• **Brief**
Copy word for word the lines of the records below, beginning at the one with "For In Calligraphy" and finishing at the one with "SEO自学霸屏之路,掌握方法，实现网站流量翻倍", ends included, but none of the pictures.

• **Given records**
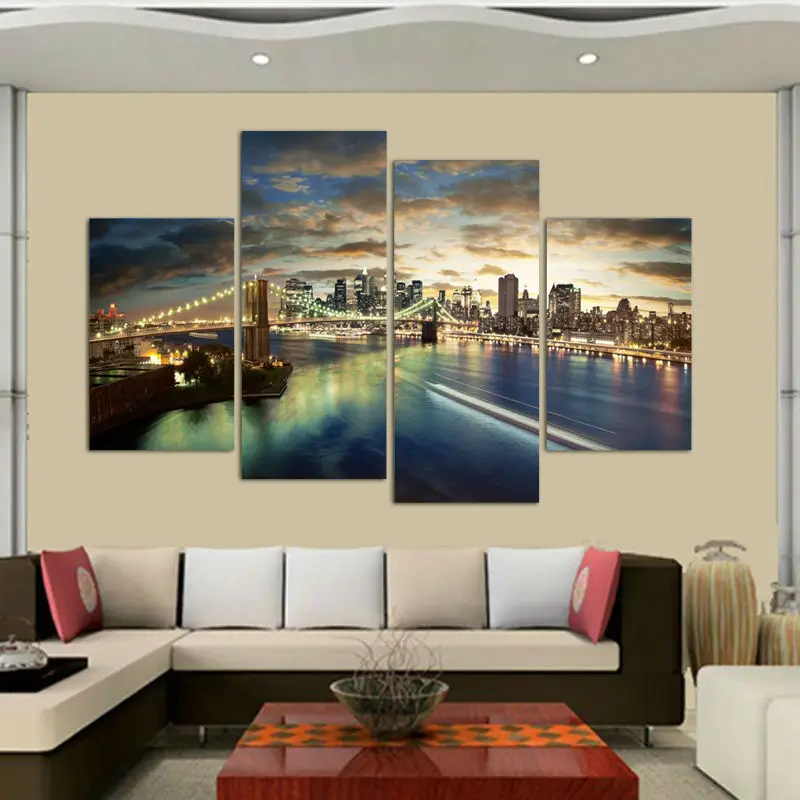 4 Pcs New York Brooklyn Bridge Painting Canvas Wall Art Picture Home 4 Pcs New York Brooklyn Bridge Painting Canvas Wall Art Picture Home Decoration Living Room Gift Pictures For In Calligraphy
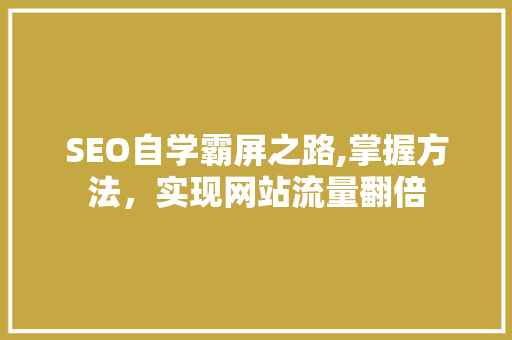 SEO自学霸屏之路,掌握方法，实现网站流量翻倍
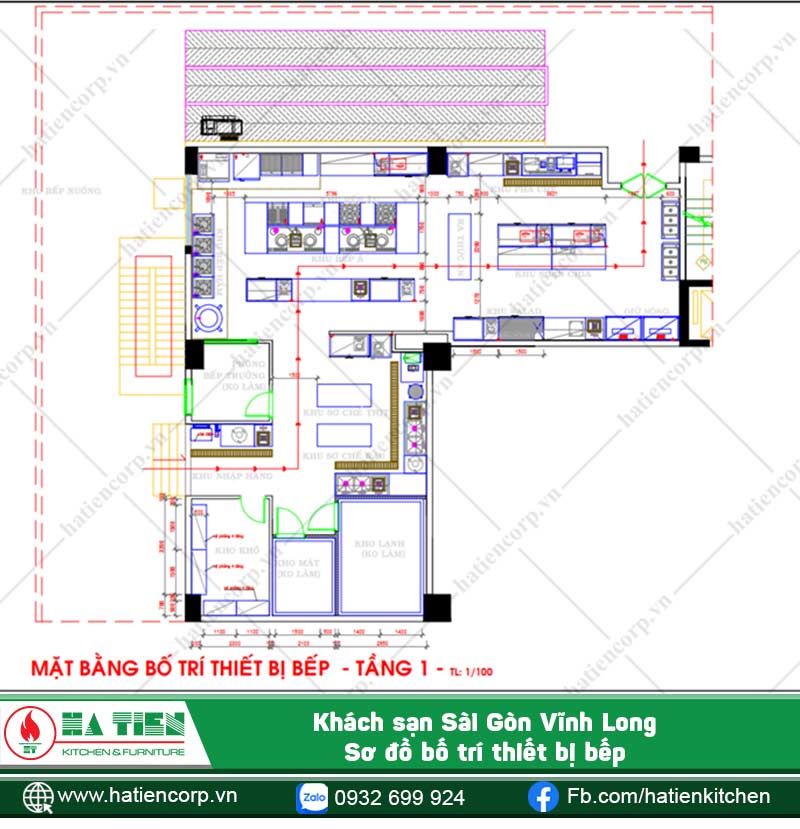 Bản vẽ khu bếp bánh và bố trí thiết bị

--

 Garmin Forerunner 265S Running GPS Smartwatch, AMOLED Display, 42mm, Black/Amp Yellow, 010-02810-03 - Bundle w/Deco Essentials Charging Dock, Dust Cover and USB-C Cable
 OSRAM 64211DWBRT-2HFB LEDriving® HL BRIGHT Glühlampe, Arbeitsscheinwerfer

• **Written answer**
 4 Pcs New York Brooklyn Bridge Painting Canvas Wall Art Picture Home 4 Pcs New York Brooklyn Bridge Painting Canvas Wall Art Picture Home Decoration Living Room Gift Pictures For In Calligraphy
 SEO自学霸屏之路,掌握方法，实现网站流量翻倍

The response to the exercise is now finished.